### PROBLEM TO SOLVE
Every record below should be printed again exactly, with its pictures removed.

### ENTRIES SHOWN
____

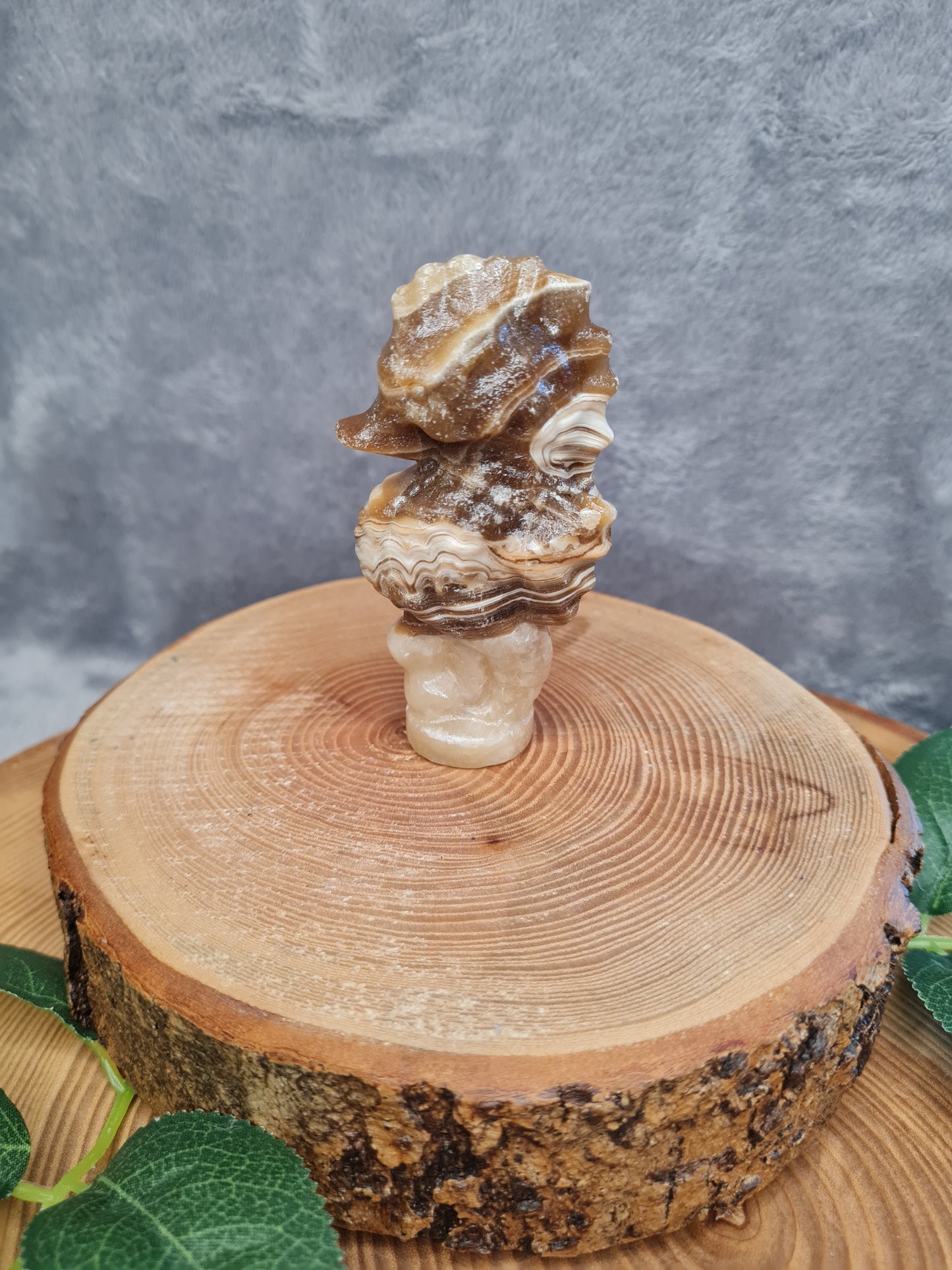 Schokoladen Calcit Seepferdchen (SO23)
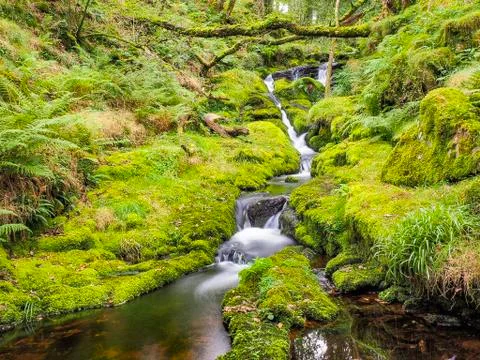 Dartmoor stream Stock Photos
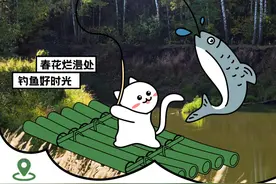 活动预告丨周末来青村约一场户外小物钓，不负好春光图片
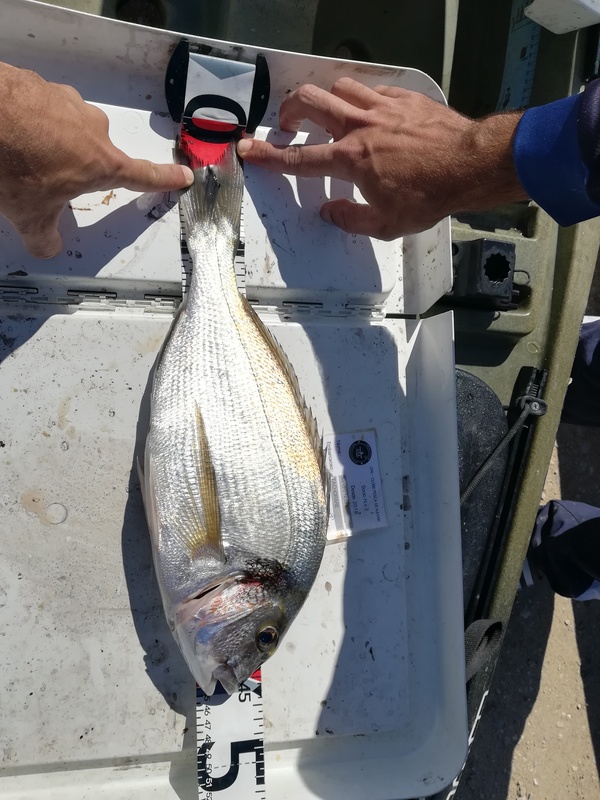 Fish Measure Picture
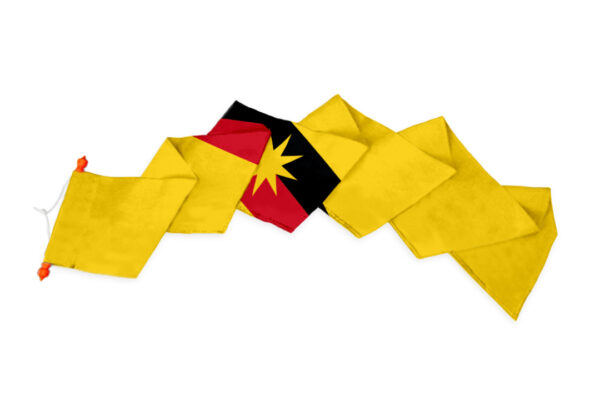 Streekwimpel Sarawak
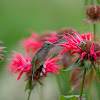 Broad Tailed Hummingbird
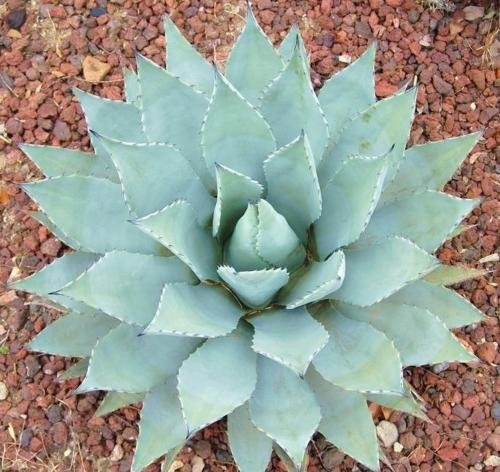 AGAVE parryi var COUSEI di sementi resistenti esotico succulenta aloe pianta rara 100 SEMI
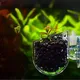Pot de plantes en acrylique avec support à ventouse décoration d'aquarium mini vase de jardinage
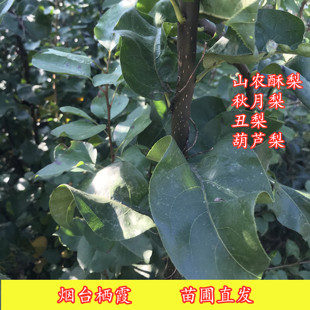 烟台栖霞发货梨树苗山农酥梨丑梨秋月梨葫芦梨杜梨根系包邮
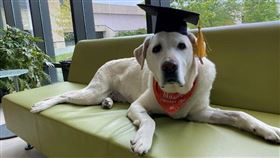 
　名家專用／草根影響力新視野（勿用）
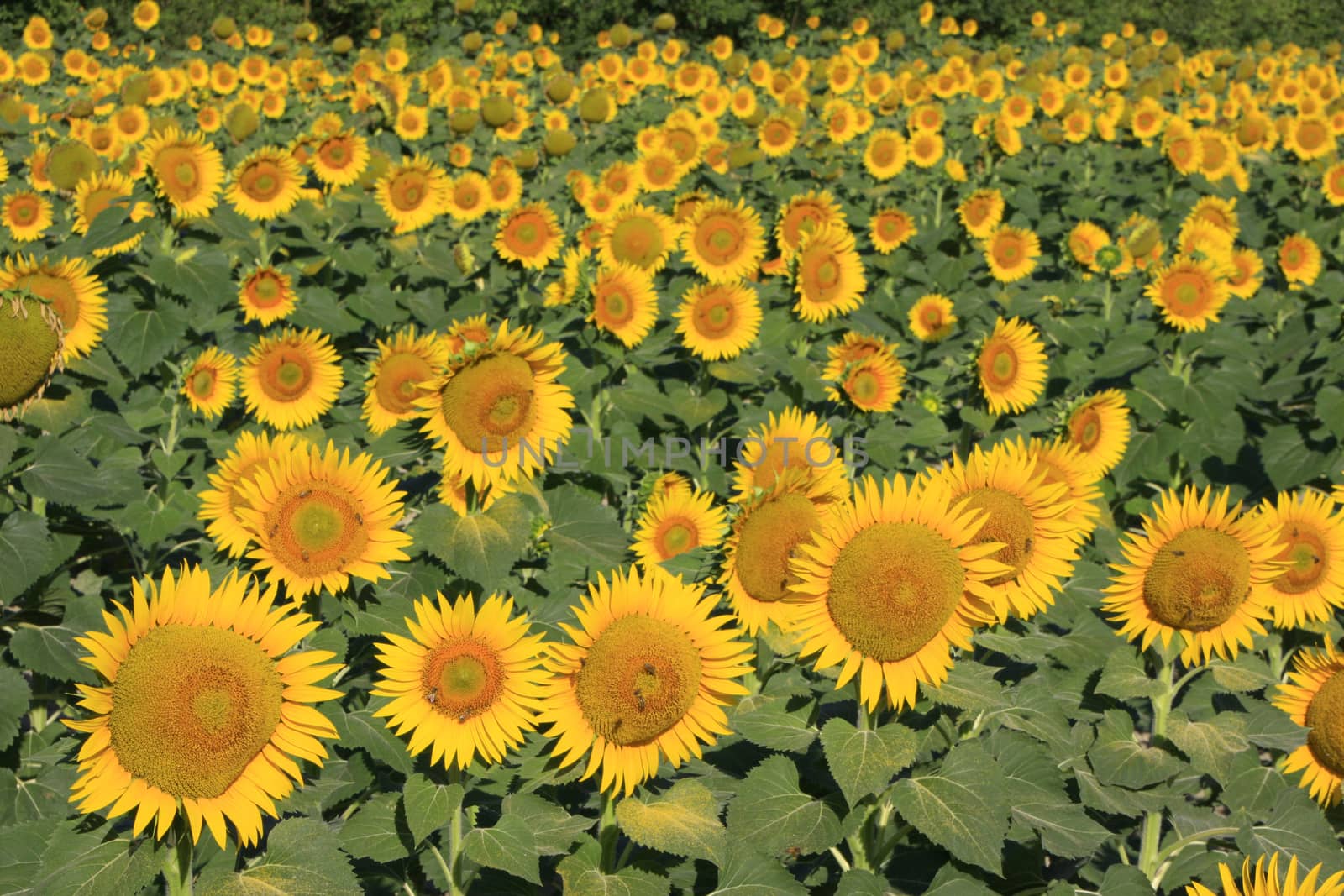 Field of sunflowers by donya_nedomam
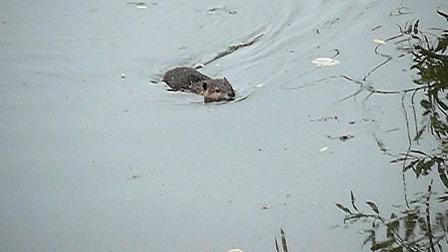 New beaver kits spotted along Alhambra Creek
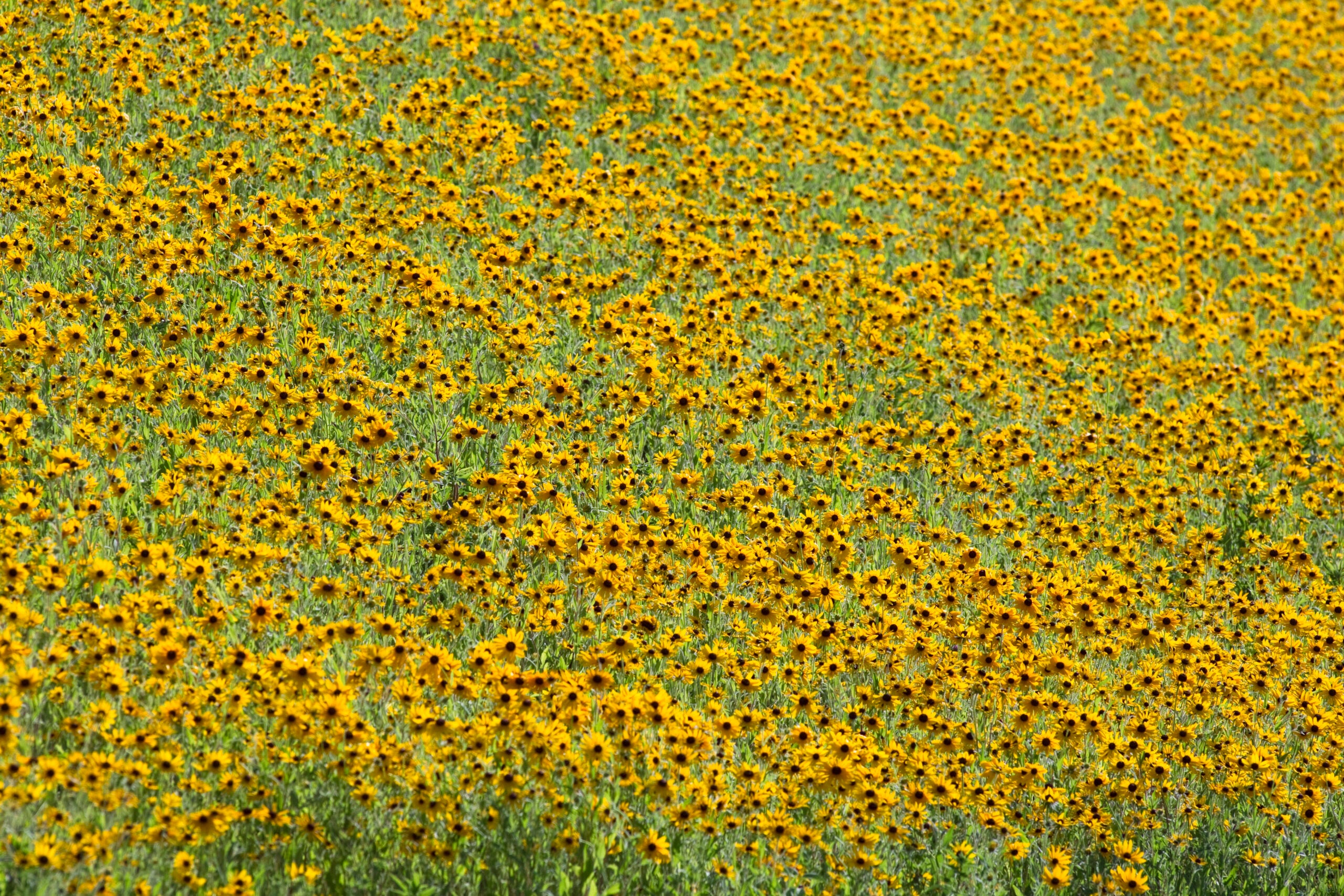 gel kayano 26 vs nimbus 22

____

### SOLUTION TO THIS PROBLEM
 Schokoladen Calcit Seepferdchen (SO23)
 Dartmoor stream Stock Photos
 活动预告丨周末来青村约一场户外小物钓，不负好春光图片
 Fish Measure Picture
 Streekwimpel Sarawak
 Broad Tailed Hummingbird
 AGAVE parryi var COUSEI di sementi resistenti esotico succulenta aloe pianta rara 100 SEMI
Pot de plantes en acrylique avec support à ventouse décoration d'aquarium mini vase de jardinage
 烟台栖霞发货梨树苗山农酥梨丑梨秋月梨葫芦梨杜梨根系包邮
　名家專用／草根影響力新視野（勿用）
 Field of sunflowers by donya_nedomam
 New beaver kits spotted along Alhambra Creek
 gel kayano 26 vs nimbus 22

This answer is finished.